Carboniferous atmospheric oxygen was substantially higher. Reconstructions from geochemical proxies -- carbon burial rates, pyrite burial, stomatal densities on fossil plants -- place Late Carboniferous O2 at roughly 30 to 35 per cent, the highest level in Earth's history. East Kirkton sits at the start of that oxygen rise, and by the late Carboniferous the atmosphere was around 50 per cent more oxygen-rich than today's.

Evidence supporting oxygen-driven gigantism in Palaeozoic arthropods:

Line of evidence What it shows
Geochemical O2 reconstructions Atmospheric oxygen peaks in the late Carboniferous, drops sharply in the Permian
Fossil arthropod size through time Maximum body sizes in insects, myriapods, and arachnids track atmospheric O2
Hyperoxic rearing experiments (modern) Dragonflies and cockroaches reared in 31% O2 grow measurably larger than controls
Comparative book-lung physiology Larger scorpions devote proportionally more body volume to lungs and tracheae

With air that carried roughly 50 per cent more oxygen per unit volume, each unit of book-lung surface area delivered more oxygen per breath, and the diffusion-distance problem relaxed. A scorpion body plan that tops out around 25 centimetres in modern air could reach 70 centimetres in Carboniferous air.

Two additional factors probably mattered. First, large terrestrial vertebrate predators capable of routinely killing an adult Pulmonoscorpius did not yet exist. The largest land carnivores of the Early Carboniferous were amphibians such as temnospondyls and small reptile-like tetrapods; none of them were reliably capable of overpowering a 70-centimetre pincered, stinging arachnid. Second, the East Kirkton ecosystem, and similar hot-spring and swamp-margin environments around the Carboniferous world, provided a steady supply of small prey -- amphibians, juvenile tetrapods, other arthropods -- for a large predatory scorpion to exploit.

When all three conditions reversed in the Permian -- oxygen fell, the wetlands dried, and larger vertebrate predators diversified -- the entire niche for near-metre terrestrial arachnids collapsed. Pulmonoscorpius and its giant relatives disappeared. The smaller-bodied scorpion lineages that continued into the Mesozoic remained well within the tens-of-centimetres range that modern scorpions still occupy.

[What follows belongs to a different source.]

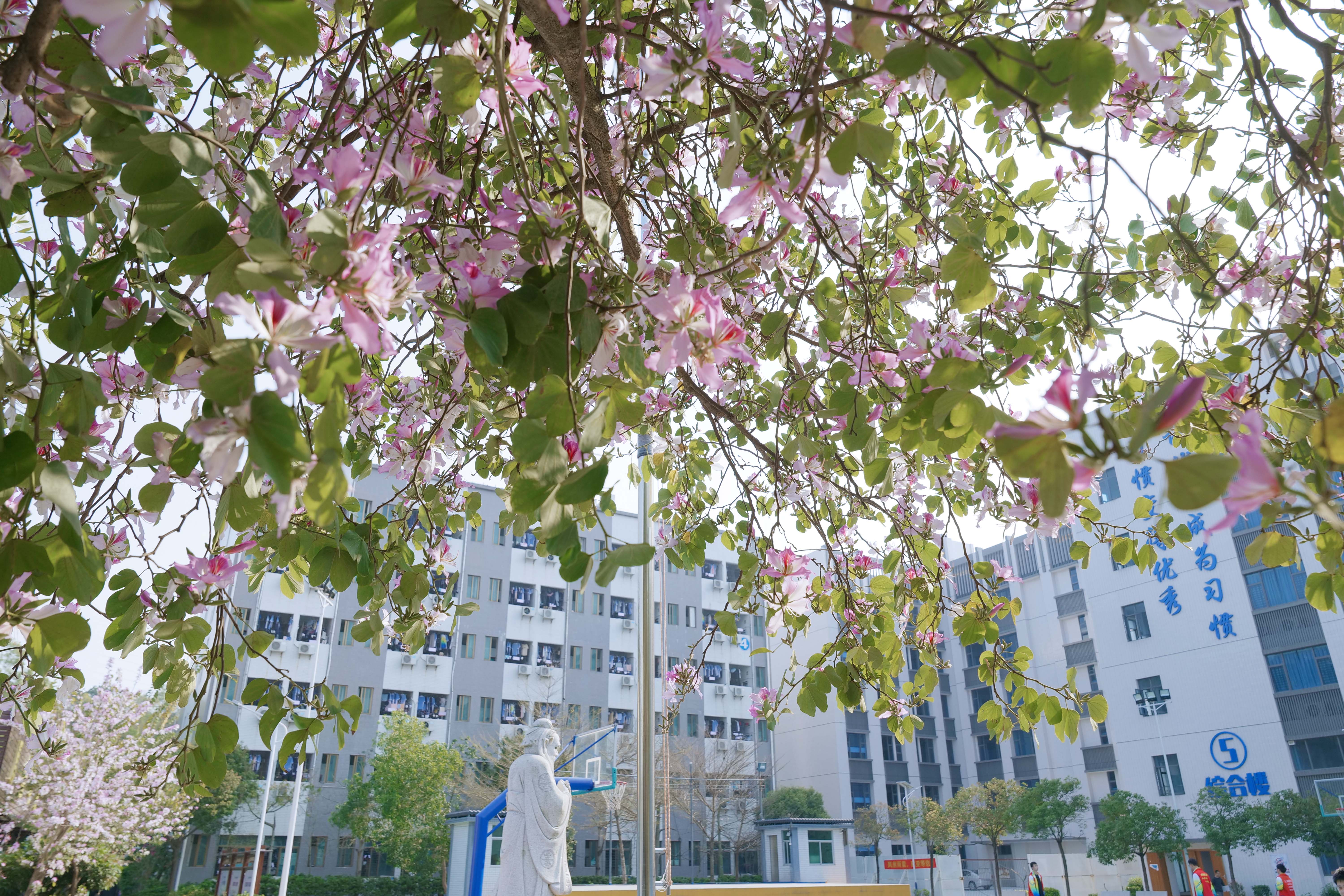 花園式校園綠道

Diet and Predatory Behaviour

Pulmonoscorpius was a predator. Its anatomy is the standard predatory scorpion toolkit, scaled up.

The hunting toolkit:

  • Pincers (pedipalps) large enough to seize prey the size of a small amphibian
  • Long metasoma ending in a telson and sting -- the venom-delivery system
  • Forward-facing chelicerae for cutting and ingesting prey
  • Well-developed median and lateral eyes on the carapace

No direct gut contents have been recovered from Pulmonoscorpius specimens, so its diet is reconstructed from the fauna of East Kirkton and from comparison with the known hunting ecology of living scorpions at the upper end of the modern body-size range.

Likely prey at East Kirkton:

  • Westlothiana and other small early tetrapods (around 20 cm long)
  • Temnospondyl amphibian juveniles and larvae
  • Harvestmen, smaller scorpions, and other arthropods of the lake margin
  • Soft-bodied invertebrates in the leaf litter around the hot-spring lake

This is a significant point in the broader story of Palaeozoic terrestrial ecology. The East Kirkton ecosystem preserves some of the earliest definite evidence of giant arthropods hunting early backboned land animals. In modern terrestrial ecosystems, vertebrates dominate the large-predator niche and arthropods are almost exclusively prey or specialised insectivores. At East Kirkton, that relationship was at least partly reversed: a 70-centimetre scorpion was the apex predator of a small-bodied ecosystem in which early reptile-like tetrapods were potential prey.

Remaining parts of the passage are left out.